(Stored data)
--------------------------------

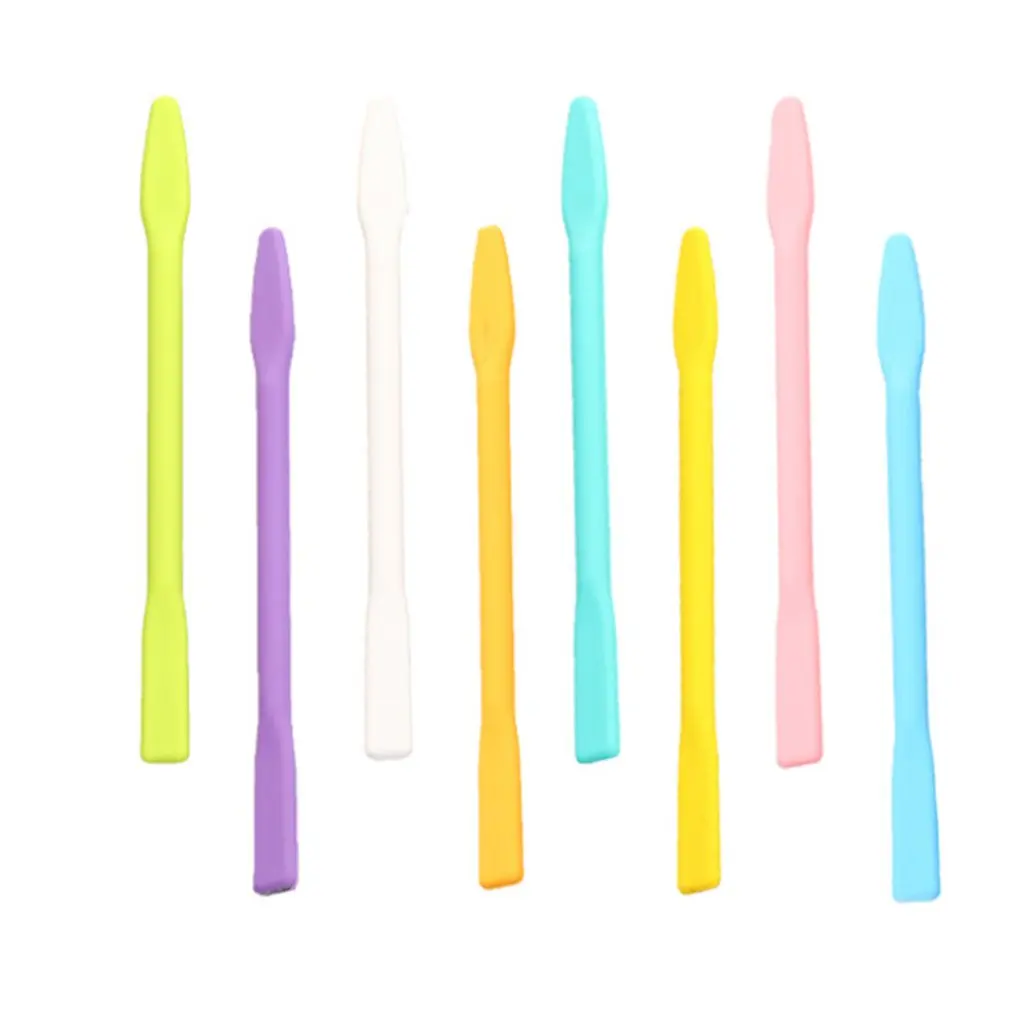

10pcs Silicone Stick Facial Mask Stirring Rods Mud Mask Applicator Cosmetic Mask Tools For Facial Mask Mixing DIY Crafts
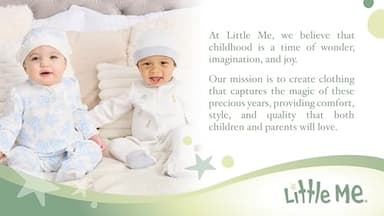 Little Me Clothes for Baby Boys' 2-Piece 100% Cotton Dinomite Dinosaurs Footie Sleeper and Cap Set, 9 Months - Image 2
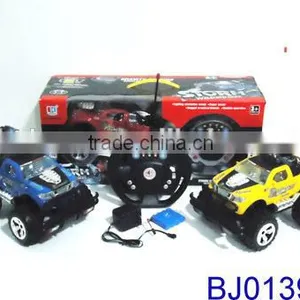 New Steering Wheel rc Car Cross-country Van w/ Music and Light thumbnail-4
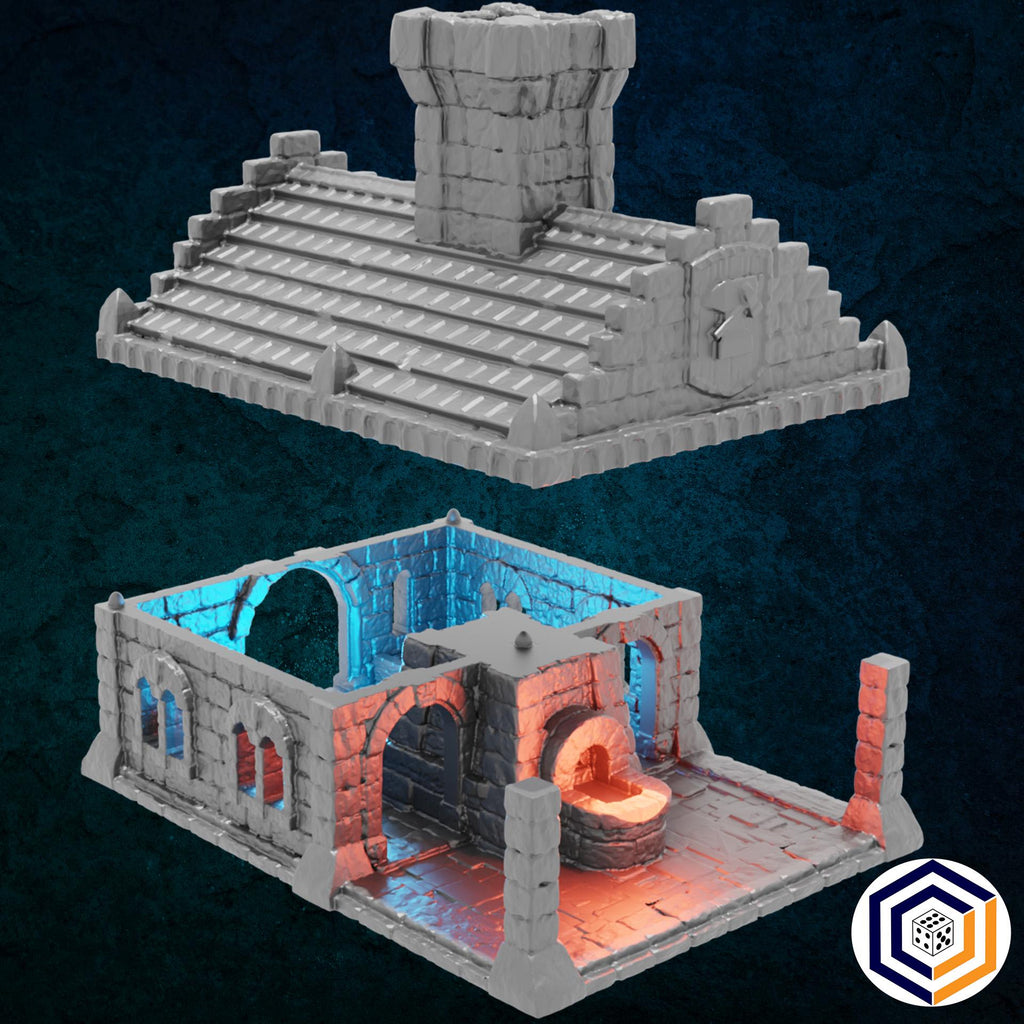 Forge Kingdom of Tor Ithilas Conquest Creations Mittelerde Tabletop Gelände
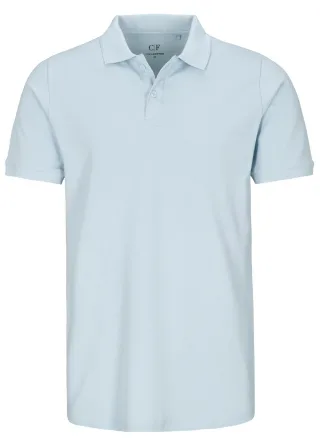 COMMANDER Finest Clothing - (S)-NOS 2-Knopf Poloshirt 1/2 ice blue - Gr. - XL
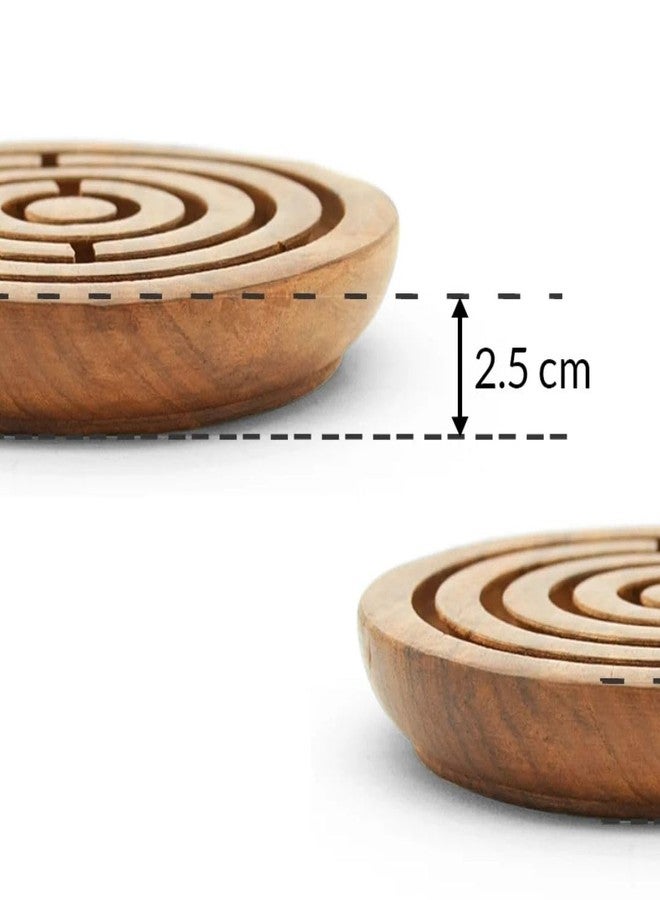 Mittimate Wooden Maze & Labyrinth (4 Inch) Puzzle Game for Kids I Bhool Bhulaiyaa Indoor Activity Board Game for Children I Brain Teaser Toys - Image 2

--------------------------------

• ASSIGNMENT: Retype the data word for word, please, and keep the images out.

• OUTPUT OF THE EXERCISE:
10pcs Silicone Stick Facial Mask Stirring Rods Mud Mask Applicator Cosmetic Mask Tools For Facial Mask Mixing DIY Crafts
 Little Me Clothes for Baby Boys' 2-Piece 100% Cotton Dinomite Dinosaurs Footie Sleeper and Cap Set, 9 Months - Image 2
 New Steering Wheel rc Car Cross-country Van w/ Music and Light thumbnail-4
 Forge Kingdom of Tor Ithilas Conquest Creations Mittelerde Tabletop Gelände
 COMMANDER Finest Clothing - (S)-NOS 2-Knopf Poloshirt 1/2 ice blue - Gr. - XL
 Mittimate Wooden Maze & Labyrinth (4 Inch) Puzzle Game for Kids I Bhool Bhulaiyaa Indoor Activity Board Game for Children I Brain Teaser Toys - Image 2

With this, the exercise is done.